Undermountain: Maddgoth's Castle
- Genre: Role-playing games
- Publisher: TSR
- Publication date: 1996

= Undermountain: Maddgoth's Castle =

Dungeons & Dragons adventure module

Undermountain: Maddgoth's Castle is an adventure module for the 2nd edition of the Advanced Dungeons & Dragons fantasy role-playing game, published in 1996.

==Publication history==
Undermountain: Maddgoth's Castle was published by TSR, Inc. in 1996.

==Plot summary==
Undermountain: Maddgoth's Castle is an adventure which takes place in an area of Undermountain, where the dangerous wizard Maddgoth has constructed a magically shrunken fortress to hide his hoard of stolen spellbooks and the player characters need to take back as much as they can.

==Reception==
Trenton Webb reviewed Undermountain: Maddgoth's Castle for Arcane magazine, rating it a 5 out of 10 overall. He quipped that "The nostalgia boom continues unabated with platform shoes, 8-bit computer games and the Dungeon Crawl adventures. TSR's new series transports players back to the first 'great dungeon' of Undermountain in a bash that stresses action above subtlety." Webb commented on how "The players' task is to break and nick as much as they can carry. This very possible mission is made a little less appealing for three simple reasons. The first of these is that Maddgoth's Castle exists within shrunken reality, and to enter it players must be reduced to the size of mice. A matter of scale that's emphasised by the presence of creatures within the castle that haven't been reduced, so even the most mundane monsters become terrible menaces." He continued: "The second issue is that of the retro feel. Players who have only gamed in the more recent and sophisticated realms are in for a shock because the entire Monstrous Compendium is hurled at them.
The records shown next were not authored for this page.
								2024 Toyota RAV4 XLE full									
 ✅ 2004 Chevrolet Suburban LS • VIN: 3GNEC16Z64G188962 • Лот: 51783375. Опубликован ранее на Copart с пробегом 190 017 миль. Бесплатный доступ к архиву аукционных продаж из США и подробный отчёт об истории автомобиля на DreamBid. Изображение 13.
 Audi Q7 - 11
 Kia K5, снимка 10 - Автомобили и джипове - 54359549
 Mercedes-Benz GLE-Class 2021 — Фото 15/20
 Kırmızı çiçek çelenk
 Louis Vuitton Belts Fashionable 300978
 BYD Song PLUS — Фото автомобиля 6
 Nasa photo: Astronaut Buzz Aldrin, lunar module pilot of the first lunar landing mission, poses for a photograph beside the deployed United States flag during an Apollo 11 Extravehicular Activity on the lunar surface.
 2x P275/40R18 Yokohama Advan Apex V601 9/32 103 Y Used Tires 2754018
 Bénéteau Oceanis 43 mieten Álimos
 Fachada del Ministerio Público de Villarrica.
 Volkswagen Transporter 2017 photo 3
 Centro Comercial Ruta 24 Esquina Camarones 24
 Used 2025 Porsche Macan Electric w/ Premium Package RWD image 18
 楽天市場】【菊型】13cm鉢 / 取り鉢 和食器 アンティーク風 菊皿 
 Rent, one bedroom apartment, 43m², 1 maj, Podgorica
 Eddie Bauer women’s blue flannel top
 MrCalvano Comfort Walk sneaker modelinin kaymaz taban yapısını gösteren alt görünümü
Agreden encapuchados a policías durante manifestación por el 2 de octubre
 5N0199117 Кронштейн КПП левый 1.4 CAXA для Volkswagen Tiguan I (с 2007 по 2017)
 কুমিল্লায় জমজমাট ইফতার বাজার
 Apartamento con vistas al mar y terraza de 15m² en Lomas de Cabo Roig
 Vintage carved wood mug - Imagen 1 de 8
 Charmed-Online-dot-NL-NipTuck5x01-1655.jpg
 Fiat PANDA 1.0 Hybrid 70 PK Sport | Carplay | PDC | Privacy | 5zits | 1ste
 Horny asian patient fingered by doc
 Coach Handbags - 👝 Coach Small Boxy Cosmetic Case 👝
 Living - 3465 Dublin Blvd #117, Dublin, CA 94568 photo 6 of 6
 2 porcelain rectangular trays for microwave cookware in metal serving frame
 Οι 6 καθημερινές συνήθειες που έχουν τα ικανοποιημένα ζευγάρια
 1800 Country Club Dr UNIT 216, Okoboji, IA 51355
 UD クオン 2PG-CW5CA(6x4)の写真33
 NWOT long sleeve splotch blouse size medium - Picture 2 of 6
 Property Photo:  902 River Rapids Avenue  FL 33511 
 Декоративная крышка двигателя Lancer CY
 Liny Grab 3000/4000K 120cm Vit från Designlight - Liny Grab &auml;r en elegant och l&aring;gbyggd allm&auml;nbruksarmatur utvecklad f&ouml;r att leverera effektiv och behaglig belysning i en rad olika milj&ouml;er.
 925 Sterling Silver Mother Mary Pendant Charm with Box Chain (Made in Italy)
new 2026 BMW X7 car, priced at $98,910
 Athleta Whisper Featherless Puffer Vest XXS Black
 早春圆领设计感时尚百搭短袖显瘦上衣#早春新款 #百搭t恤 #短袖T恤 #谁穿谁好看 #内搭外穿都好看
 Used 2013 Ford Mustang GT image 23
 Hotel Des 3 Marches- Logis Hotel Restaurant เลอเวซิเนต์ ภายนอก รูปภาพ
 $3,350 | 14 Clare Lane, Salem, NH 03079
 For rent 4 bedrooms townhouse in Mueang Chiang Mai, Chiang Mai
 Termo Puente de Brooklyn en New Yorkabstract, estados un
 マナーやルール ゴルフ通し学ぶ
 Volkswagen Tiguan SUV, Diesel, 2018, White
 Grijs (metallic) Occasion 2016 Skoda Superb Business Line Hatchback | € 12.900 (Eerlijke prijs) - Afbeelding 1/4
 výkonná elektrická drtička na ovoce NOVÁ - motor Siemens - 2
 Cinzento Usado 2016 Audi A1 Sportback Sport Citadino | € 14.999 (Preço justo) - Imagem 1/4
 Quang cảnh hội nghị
There's no overall theme or elegant ecosystem because the monsters here just play up the dungeon's puzzles or catch the party unawares." He added: "The third and most fatal problem for the party is that control of Maddgoth's Castle is currently being disputed by two powerful forces, who are both seeking the same prize as the party." Webb concluded his review by saying, "The resultant package proves a little too disjointed and fatal to be that much fun, It accurately maintains a retro feel but lacks the focus of the Lost Level - the previous Dungeon Crawl outing. The plot's got too many twists to be a 'classic' treasure trawl and the situations are too old-fashioned to satisfy modern garners."